Radiometric Scaling
Radiometric processing, applied to the OLCI raw counts, aims to derive calibrated Top Of Atmosphere (TOA) radiance values. The incoming OLCI samples are processed one by one into radiance at TOA. Radiometric processing includes:
- initialisation
- non-linearity correction
- dark signal correction
- smear correction
- absolute gain calibration
- cosmetic pixel filling.
Initialisation
Long term trend corrections are applied to reference radiometric gain to match product time. Smear factors are computed.
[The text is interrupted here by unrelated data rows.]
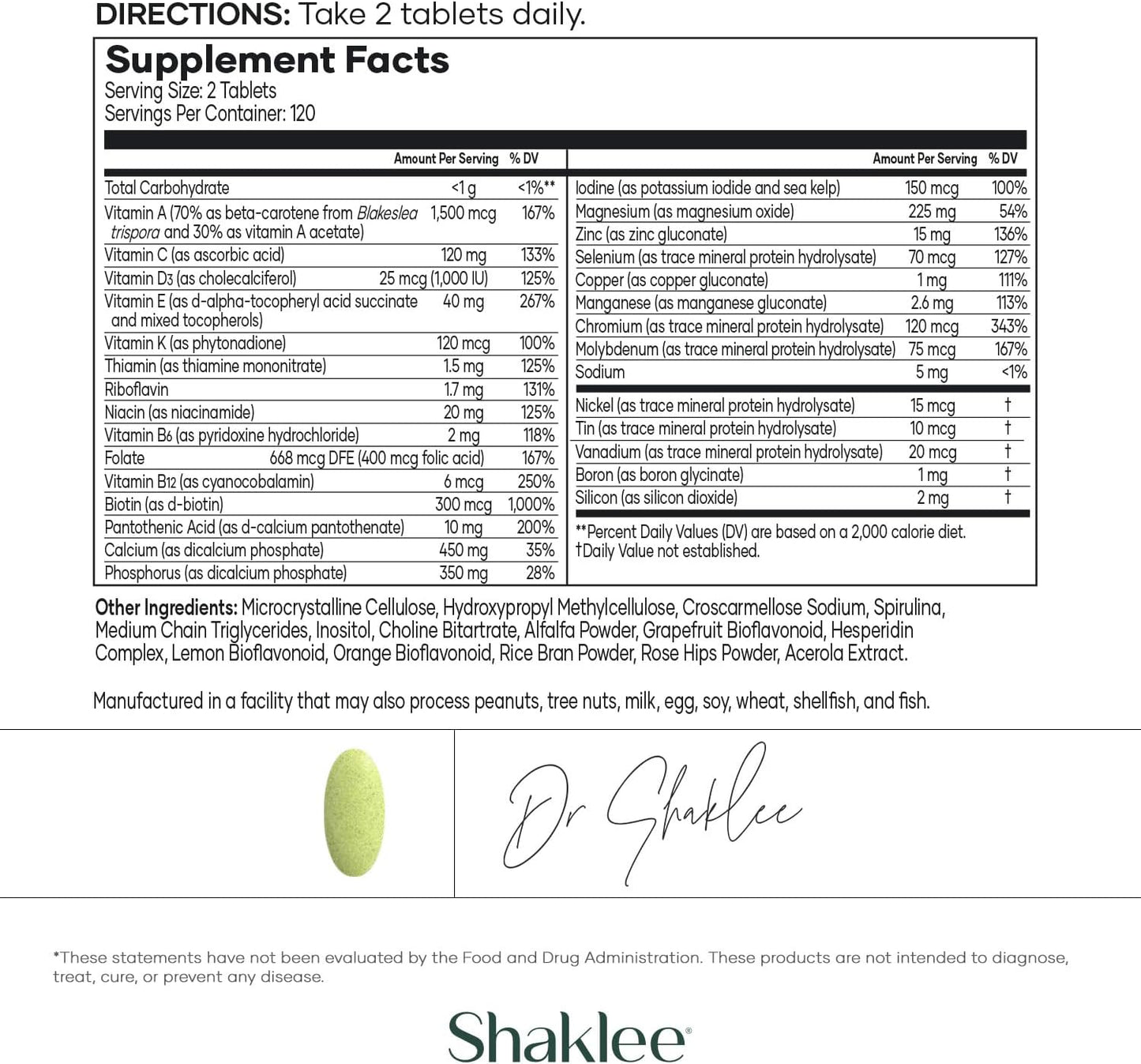 Shaklee Vita-Lea® Men High Potency Multivitamin + Multimineral - Supports Heart, Immune, Bone, Joint Health - Formulated for Men - Includes Vitamin C, D, E - 240 Tablets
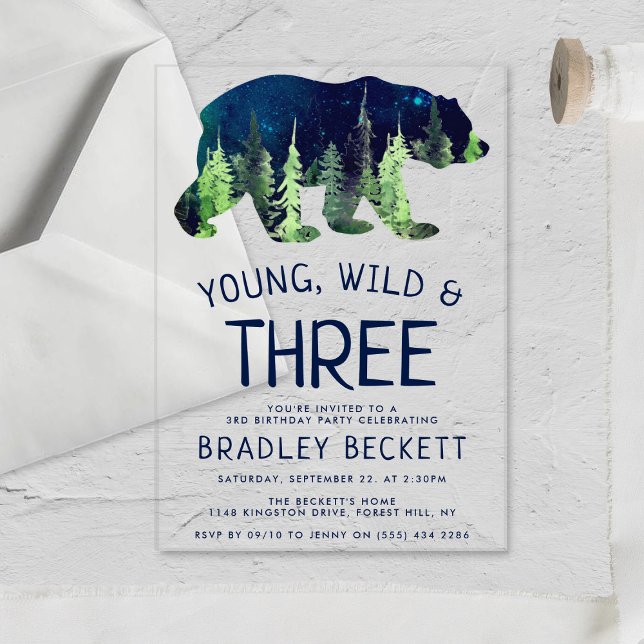 Young, Wild & Three | 3rd Birthday Acrylic Invitations (Creator Uploaded)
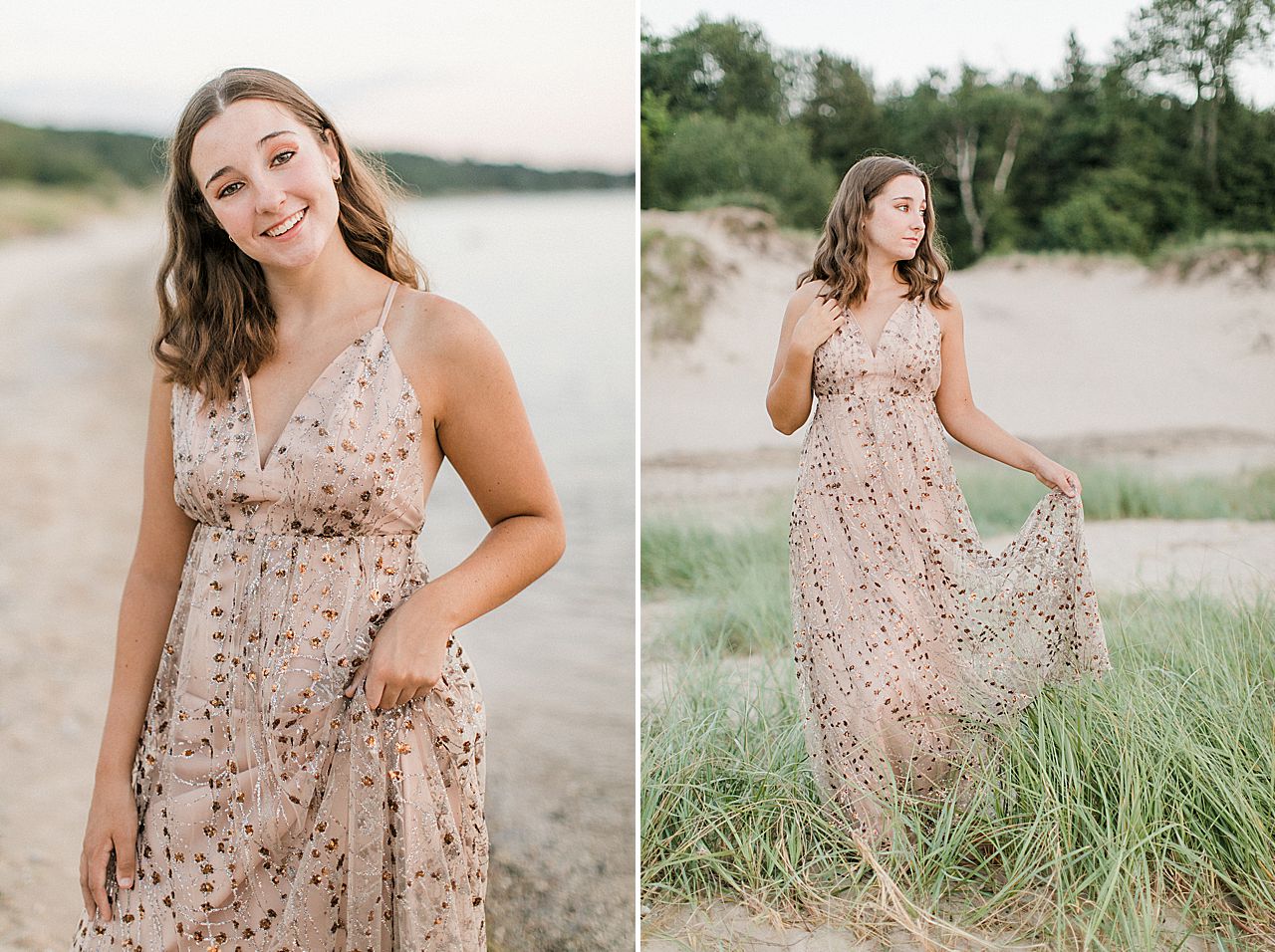 A girl's senior portrait session in sand dunes and beach grass in Charlevoix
Non-linearity correction LUTs are built using a cubic interpolation and quality flags are initialised.
Non-Linearity Correction
All instrument counts are corrected for non-linearity, including the smear band.
Dark Signal Correction
All instrument counts are corrected for dark offset, including the smear band. Reference dark offset is corrected for short time temperature effect.
Smear Correction
The smear signal is estimated at each image sample from the smear band values and corrected for.
Absolute Gain Calibration
Instrument counts corrected of all the above instrumental effects are scaled to radiance using absolute gain coefficients corrected for long-term effects.
Cosmetic Pixel Filling
Some missing samples are filled with cosmetic radiance values and flagged as "cosmetic". Radiances of pixels listed in the "dead pixels" map are replaced by an interpolation of their valid neighbours. Empty samples generated during extraction, because of missing packets, are filled if the packet gap is small enough, by values from the previous valid frame.